Short text fragments from websites:

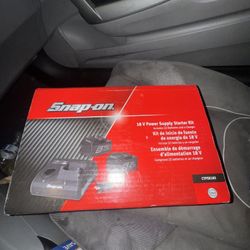Snap On 1/2 Impact Gun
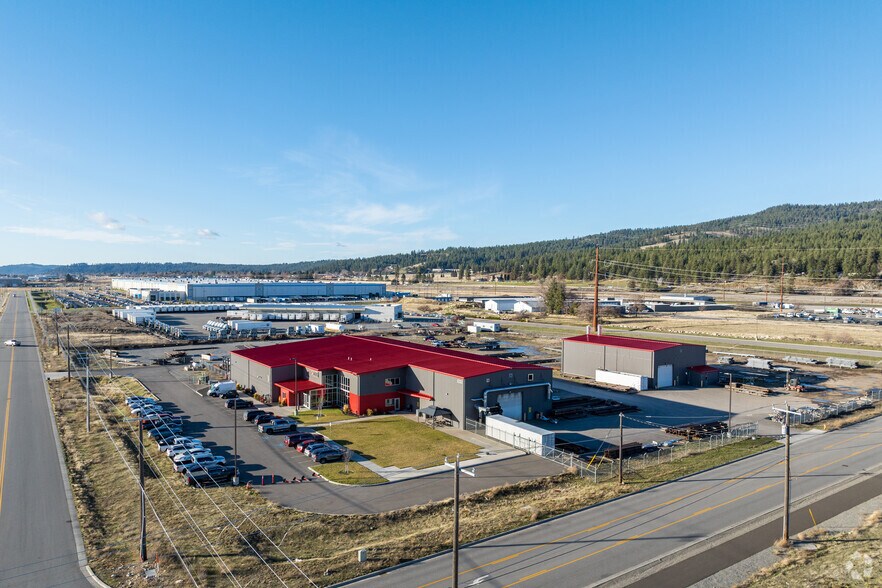 More Photos Of 19407 E Garland Ave, Spokane Valley Warehouse For Lease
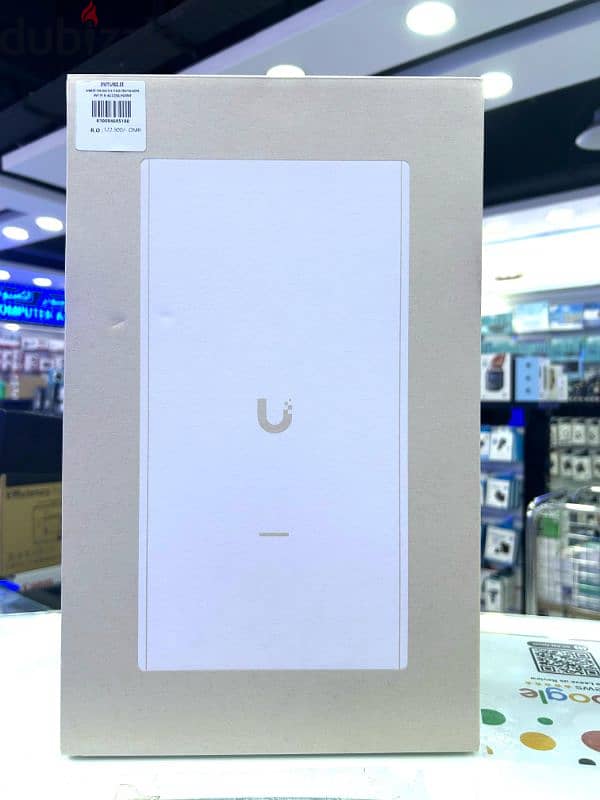 Ubiquiti U6-Mesh-Pro 1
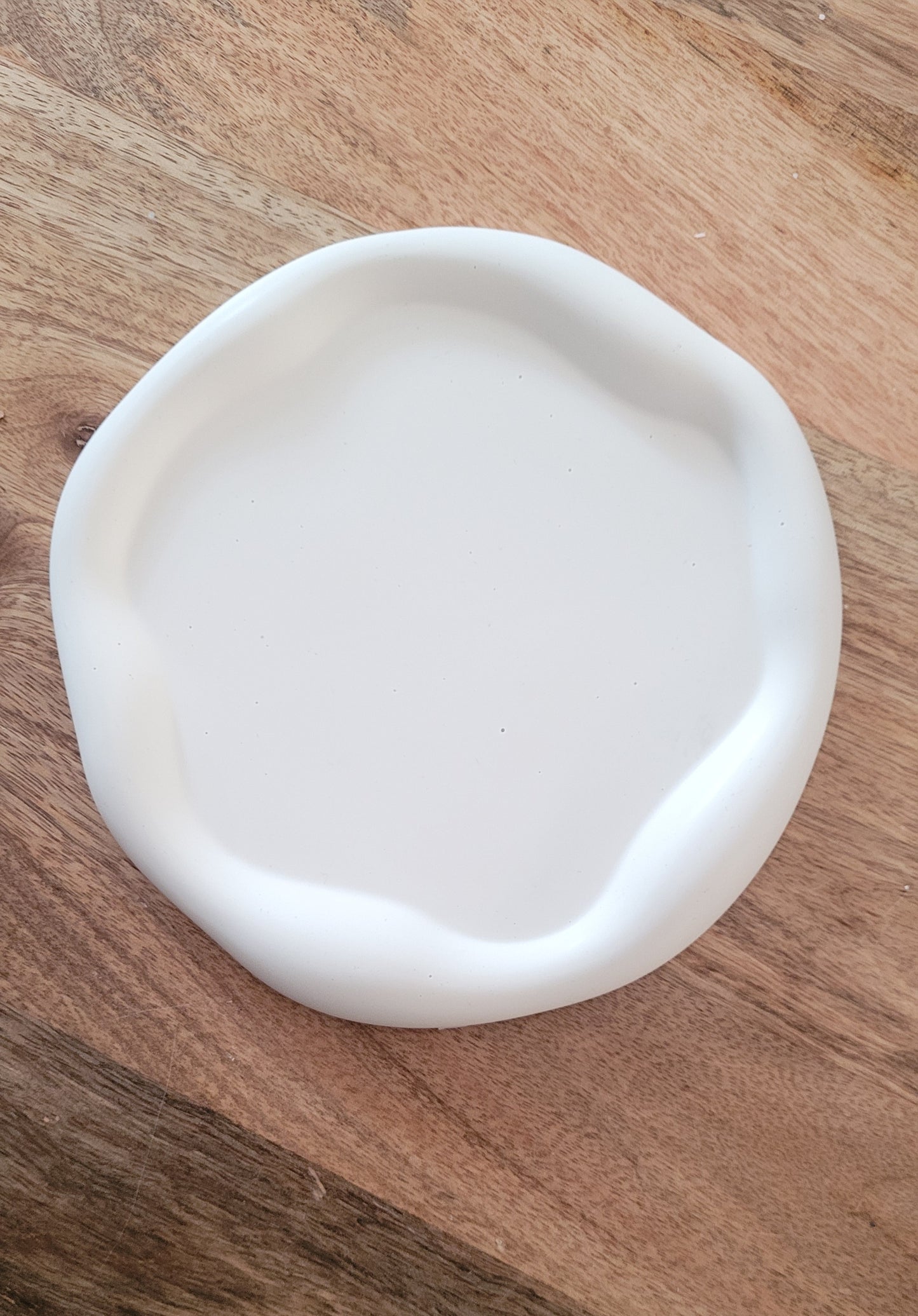 Round Cloud Tray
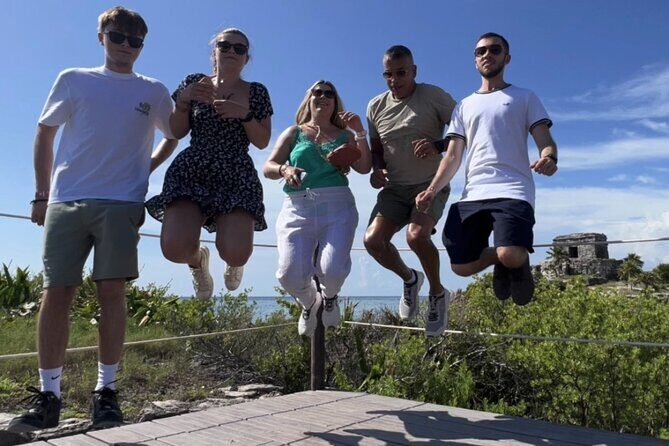 Private VW Beetle Tour Swim with Turtles, Visit Tulum Ruins&Town - Why a VW Beetle and turtle swim work so well in Cancun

◆ Activity:
All of the entries above need to be transcribed exactly, except for the pictures.

◆ Exercise response:
Snap On 1/2 Impact Gun
 More Photos Of 19407 E Garland Ave, Spokane Valley Warehouse For Lease
 Ubiquiti U6-Mesh-Pro 1
 Round Cloud Tray
 Private VW Beetle Tour Swim with Turtles, Visit Tulum Ruins&Town - Why a VW Beetle and turtle swim work so well in Cancun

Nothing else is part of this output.